Frederick County Public Schools’ first-grade teacher Courtney Waters at Kemptown Elementary School will receive the 2020 Charles E. Tressler Distinguished Teacher Award. Sponsored by Hood College, the award is presented to an FCPS teacher who has had a significant impact on young people.
Waters learned this morning that she is this year’s honoree when Superintendent Dr. Terry Alban led the FCPS “SurPRIZE Patrol” on a virtual surprise visit to an online meeting to which Principal Kathryn Golightly had summoned this year’s winner. Also “crashing” the virtual meeting to surprise Waters were BOE member Karen Yoho, Deputy Superintendent Dr.

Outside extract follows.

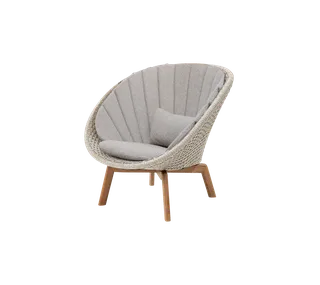 Peacock lounge chair by Cane-line in Sand, medium flat Soft Rope w/teak, Light brown, Rise w/QuickDry & Airflow – product photo 2 of 2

Mike Markoe, executive directors Jamie Aliveto and Daryl Boffman, and FCTA President Missy Dirks to congratulate her.
“Courtney is a dynamic educator who is dedicated to her students and families. She is always seeking innovative approaches to use in her classroom. She is a terrific teacher leader and role model,” says Principal Golightly, whose daughter Allyson Golightly was last year’s Tressler Award recipient.
A 2015 summa cum laude graduate of Stevenson University in Owings Mills, Maryland, Waters began teaching at Kemptown that fall. There, she has worked as team leader for the first grade since 2018. Since 2015, she has coached the school’s Running Chics, encouraging girls in grades three to five in physical fitness activities and promoting confidence and teamwork. Since 2016, she has led monthly Kinetic Cougars meetings with fifth graders, helping them choose activities and promote school spirit days and assisting them in pairings to serve as first grade “math buddies” to promote math skills. She has also developed reading and math lessons for summer extended-learning opportunities. As a Camp Invention counselor, she facilitated science lessons through the National Inventors Hall of Fame and fostered students’ creativity and innovation in building electric-powered devices.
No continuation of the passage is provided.